◆ **THE TASK**
Would you give the records below again, exactly and completely?

◆ **RECORDED INFORMATION**
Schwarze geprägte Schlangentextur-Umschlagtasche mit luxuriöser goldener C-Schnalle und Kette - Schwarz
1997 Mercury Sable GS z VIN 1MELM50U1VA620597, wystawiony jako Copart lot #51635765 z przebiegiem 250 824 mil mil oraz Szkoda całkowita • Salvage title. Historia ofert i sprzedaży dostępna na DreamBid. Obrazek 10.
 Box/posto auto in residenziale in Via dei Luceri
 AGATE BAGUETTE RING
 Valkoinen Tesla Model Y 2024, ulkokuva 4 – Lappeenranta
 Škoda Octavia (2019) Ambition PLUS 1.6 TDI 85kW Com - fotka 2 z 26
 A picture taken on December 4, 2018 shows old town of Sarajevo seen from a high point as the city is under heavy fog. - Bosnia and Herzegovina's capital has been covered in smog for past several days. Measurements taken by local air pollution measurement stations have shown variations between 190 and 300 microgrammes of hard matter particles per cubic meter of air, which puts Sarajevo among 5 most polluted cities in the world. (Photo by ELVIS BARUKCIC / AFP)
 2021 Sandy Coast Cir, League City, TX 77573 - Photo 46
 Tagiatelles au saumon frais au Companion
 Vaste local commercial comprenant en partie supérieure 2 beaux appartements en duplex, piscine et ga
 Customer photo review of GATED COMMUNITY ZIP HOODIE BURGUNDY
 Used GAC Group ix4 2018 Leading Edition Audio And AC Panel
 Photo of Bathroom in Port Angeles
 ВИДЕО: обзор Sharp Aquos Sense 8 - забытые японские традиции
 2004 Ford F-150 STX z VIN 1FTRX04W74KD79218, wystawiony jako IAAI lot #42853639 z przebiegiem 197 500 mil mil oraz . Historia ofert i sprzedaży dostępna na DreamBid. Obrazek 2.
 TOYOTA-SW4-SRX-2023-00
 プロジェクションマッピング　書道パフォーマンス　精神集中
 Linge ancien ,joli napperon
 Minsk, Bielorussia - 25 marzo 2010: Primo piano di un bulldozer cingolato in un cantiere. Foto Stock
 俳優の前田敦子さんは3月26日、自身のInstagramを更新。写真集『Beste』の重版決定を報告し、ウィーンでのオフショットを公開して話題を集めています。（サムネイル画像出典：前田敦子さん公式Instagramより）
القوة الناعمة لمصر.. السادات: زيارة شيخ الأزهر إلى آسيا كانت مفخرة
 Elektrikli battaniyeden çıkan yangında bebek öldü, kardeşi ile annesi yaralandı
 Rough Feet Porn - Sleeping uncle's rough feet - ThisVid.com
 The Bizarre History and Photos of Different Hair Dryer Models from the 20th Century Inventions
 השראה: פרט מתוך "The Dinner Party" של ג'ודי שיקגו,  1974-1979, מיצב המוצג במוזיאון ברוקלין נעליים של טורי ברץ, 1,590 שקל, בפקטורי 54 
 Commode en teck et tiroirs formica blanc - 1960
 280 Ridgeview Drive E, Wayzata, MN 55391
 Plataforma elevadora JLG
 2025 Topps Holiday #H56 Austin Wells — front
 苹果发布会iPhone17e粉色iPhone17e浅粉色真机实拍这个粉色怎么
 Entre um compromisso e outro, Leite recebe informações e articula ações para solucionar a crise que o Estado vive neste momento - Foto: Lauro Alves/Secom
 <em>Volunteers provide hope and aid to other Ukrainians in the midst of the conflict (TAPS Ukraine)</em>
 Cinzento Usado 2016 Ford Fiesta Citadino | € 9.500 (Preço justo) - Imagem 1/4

◆ **YOUR RESPONSE**
Schwarze geprägte Schlangentextur-Umschlagtasche mit luxuriöser goldener C-Schnalle und Kette - Schwarz
1997 Mercury Sable GS z VIN 1MELM50U1VA620597, wystawiony jako Copart lot #51635765 z przebiegiem 250 824 mil mil oraz Szkoda całkowita • Salvage title. Historia ofert i sprzedaży dostępna na DreamBid. Obrazek 10.
 Box/posto auto in residenziale in Via dei Luceri
 AGATE BAGUETTE RING
 Valkoinen Tesla Model Y 2024, ulkokuva 4 – Lappeenranta
 Škoda Octavia (2019) Ambition PLUS 1.6 TDI 85kW Com - fotka 2 z 26
 A picture taken on December 4, 2018 shows old town of Sarajevo seen from a high point as the city is under heavy fog. - Bosnia and Herzegovina's capital has been covered in smog for past several days. Measurements taken by local air pollution measurement stations have shown variations between 190 and 300 microgrammes of hard matter particles per cubic meter of air, which puts Sarajevo among 5 most polluted cities in the world. (Photo by ELVIS BARUKCIC / AFP)
 2021 Sandy Coast Cir, League City, TX 77573 - Photo 46
 Tagiatelles au saumon frais au Companion
 Vaste local commercial comprenant en partie supérieure 2 beaux appartements en duplex, piscine et ga
 Customer photo review of GATED COMMUNITY ZIP HOODIE BURGUNDY
 Used GAC Group ix4 2018 Leading Edition Audio And AC Panel
 Photo of Bathroom in Port Angeles
 ВИДЕО: обзор Sharp Aquos Sense 8 - забытые японские традиции
 2004 Ford F-150 STX z VIN 1FTRX04W74KD79218, wystawiony jako IAAI lot #42853639 z przebiegiem 197 500 mil mil oraz . Historia ofert i sprzedaży dostępna na DreamBid. Obrazek 2.
 TOYOTA-SW4-SRX-2023-00
 プロジェクションマッピング　書道パフォーマンス　精神集中
 Linge ancien ,joli napperon
 Minsk, Bielorussia - 25 marzo 2010: Primo piano di un bulldozer cingolato in un cantiere. Foto Stock
 俳優の前田敦子さんは3月26日、自身のInstagramを更新。写真集『Beste』の重版決定を報告し、ウィーンでのオフショットを公開して話題を集めています。（サムネイル画像出典：前田敦子さん公式Instagramより）
القوة الناعمة لمصر.. السادات: زيارة شيخ الأزهر إلى آسيا كانت مفخرة
 Elektrikli battaniyeden çıkan yangında bebek öldü, kardeşi ile annesi yaralandı
 Rough Feet Porn - Sleeping uncle's rough feet - ThisVid.com
 The Bizarre History and Photos of Different Hair Dryer Models from the 20th Century Inventions
 השראה: פרט מתוך "The Dinner Party" של ג'ודי שיקגו,  1974-1979, מיצב המוצג במוזיאון ברוקלין נעליים של טורי ברץ, 1,590 שקל, בפקטורי 54 
 Commode en teck et tiroirs formica blanc - 1960
 280 Ridgeview Drive E, Wayzata, MN 55391
 Plataforma elevadora JLG
 2025 Topps Holiday #H56 Austin Wells — front
 苹果发布会iPhone17e粉色iPhone17e浅粉色真机实拍这个粉色怎么
 Entre um compromisso e outro, Leite recebe informações e articula ações para solucionar a crise que o Estado vive neste momento - Foto: Lauro Alves/Secom
 <em>Volunteers provide hope and aid to other Ukrainians in the midst of the conflict (TAPS Ukraine)</em>
 Cinzento Usado 2016 Ford Fiesta Citadino | € 9.500 (Preço justo) - Imagem 1/4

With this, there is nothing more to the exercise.